There are very good developers, that can create great products out of nowhere without thinking too much. Well, I'm not one of those, it takes me a while to get the right idea, and several times I had to throw everything I've bee working on and start from scratch.

But even in situations like these, there are some things you learn from time to time.


Minimalism

This is something I learned from Robert Martin's Clean Code (but I think it just takes common sense). When your components are not meaningful and don't relate to each other in an almost 'natural' way, you need to refactor it. Your system might work beautifully, but your internal structure is a mess and it will create problems to future maintainers.

Keep it simple

Complex design leads to complex code, complex code leads to complex tests, and the mess has now started. The design has to be as simplest as possible, and your code has to be consequent to this. And by code I mean production code and the test units related, because that it's maintainable code too!. Check KISS Principle on Wikipedia.
 

Life time

System components and inner objects must follow the natural law, die. While shorter your objects live the better, are easier to handle, to test, and to refactor.
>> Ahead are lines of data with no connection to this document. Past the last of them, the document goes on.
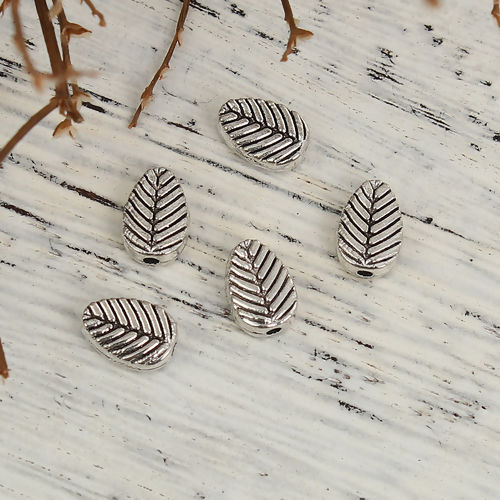 Picture of Zinc Based Alloy Spacer Beads Leaf Antique Silver Color 8mm x 6mm, Hole: Approx 1.1mm, 100 PCs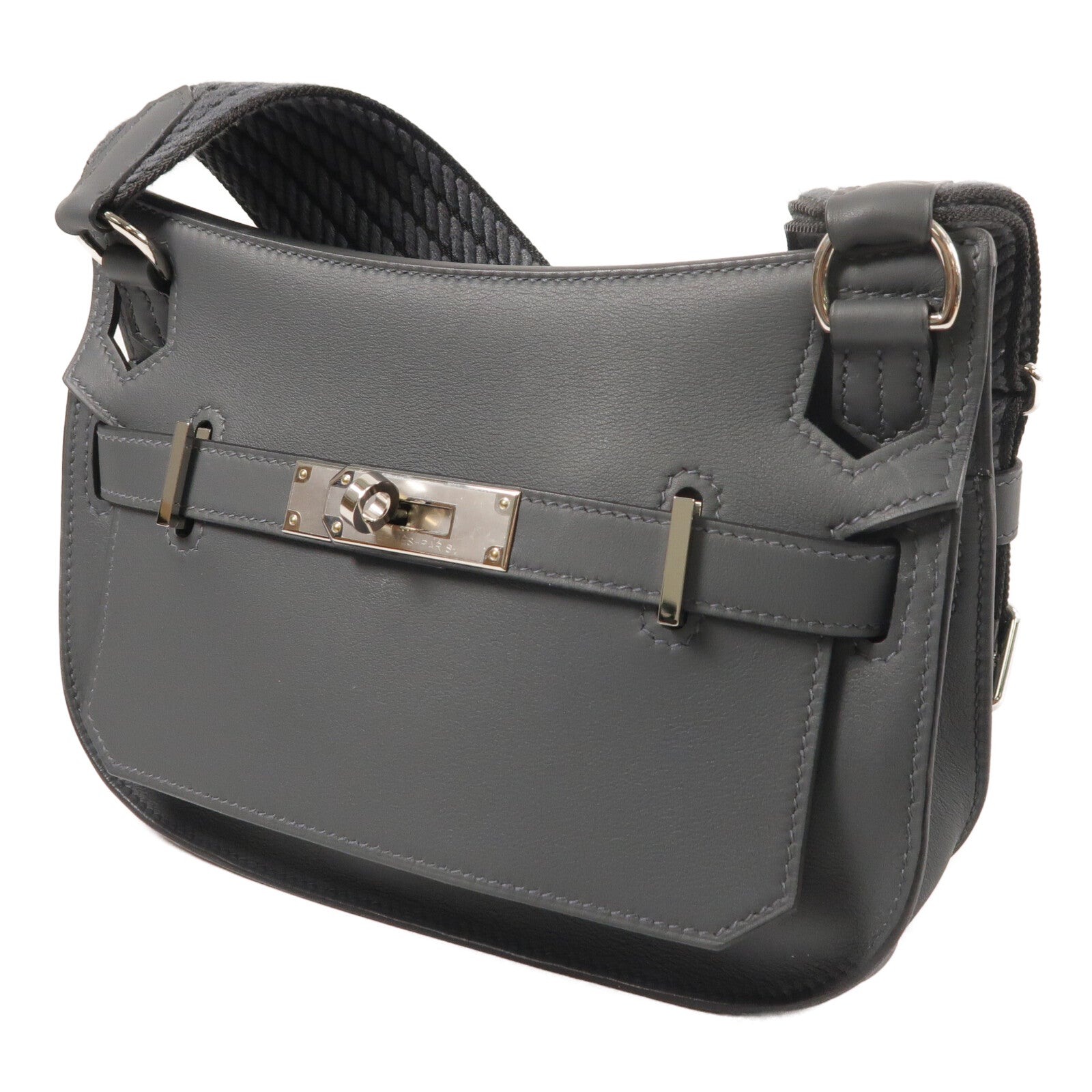 HERMES Swift皮革Mini Jypsiere銀扣肩背袋Gris Misty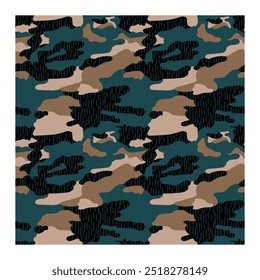 Camouflage pattern background seamless vector illustration. Classic clothing style masking camo repeat print. Green brown black olive colors forest.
Including memory usage improvements, as your objects are created and dropped as soon as they are used. This is something I find very useful, and I discovered by playing around with Google's Guice project.

Patterns

Check the patterns once a while, review your architecture, don't reinvent the wheel. There are several good references for it, but I tend to enjoy Martin Fowler's patterns (and the articles describing them). Have a look at the LMAX architecture.